The Mudcat Café TM
Thread #166590 Message #4007057
Posted By: Joe Offer
02-Sep-19 - 11:00 PM
Thread Name: Origins: John Barleycorn by Gordon Bok
Subject: ADD: John Barleycorn (Brown & Bok)
Hi, Tim - Yes, I've always wondered about that track. A recording is now available at YouTube:
And Folk-Legacy recordings like this one are now available at Smithsonian-Folkways:
And Glory Be, the liner notes are available for download:https://folkways-media.si.edu/liner_notes/folk-legacy/FLG00116.pdf
Gordon Bok's notes: I found this version of the old "John Barleycorn" in George Mackay Brown's An Orkney Tapestry, among other traditional poems and songs. It wasn't clear in the book, but it is my guess that, because of the style and poetry of it, this is not a traditional version, but Mr. Brown's own personal version. I built the tune for it in 1986, including the variations which allow it to follow the words more closely.
JOHN BARLEYCORN
(Words by George Mackay Brown*, Melody by Gordon Bok)
As I was plowing my field
The hungriest furrow ever torn
Followed my plow, and she did cry,
"Have you seen my mate, John Barleycorn?"
Says I, "Has he got a yellow beard?
Is he always whispering, night and morn?
Does he up and dance when the wind is high?"
Says she, "That's my John Barleycorn.
"One day they took a cruel knife
(Oh, I am weary and forlorn);
They struck him at his golden prayer
And they killed my priest, John Barleycorn.
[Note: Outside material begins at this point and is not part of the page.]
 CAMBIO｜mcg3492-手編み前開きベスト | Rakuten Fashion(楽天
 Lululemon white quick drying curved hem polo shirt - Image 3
"They laid him on a wooden cart,
Of all his summer glory shorn,
And threshers broke, with stick and stave,
The shining bones of Barleycorn.
"The miller's stone went 'round and 'round;
They rolled him underneath with scorn.
The miller filled a hundred sacks
With the crushed pride of John Barleycorn.
"The baker came by and bought his dust.
(That was a madman, I'll be sworn.)
They burned my hero in a rage
Of twisting flames, my Barleycorn.
"The brewer came by and stole his heart.
(Alas, that I was ever born!)
They thrust it in a brimming vat
And drowned my dear John Barleycorn.
"And now I travel narrow roads;
My hungry feet are dark and worn,
But no one in this winter world
Has seen my dancer, Barleycorn."
I took a bannock from my bag,
Lord, how her empty mouth did yawn.
Says I, "Your starving days are done,
For here's your lost John Barleycorn."
I took a bottle from my pouch,
I poured out whiskey in a horn.
Says I, "Put by your grief,
for here Is the merry blood of Barleycorn."
She ate, she drank, she laughed, she danced,
And home with me she did return.
By candle light, in my old straw bed,
She wept no more for Barleycorn.
Melody ©1986 by Gordon Bok
Ed & Ann: vocals; Gordon: 'cellamba.
*(Bok spells the name George McKay Brown, which is incorrect.)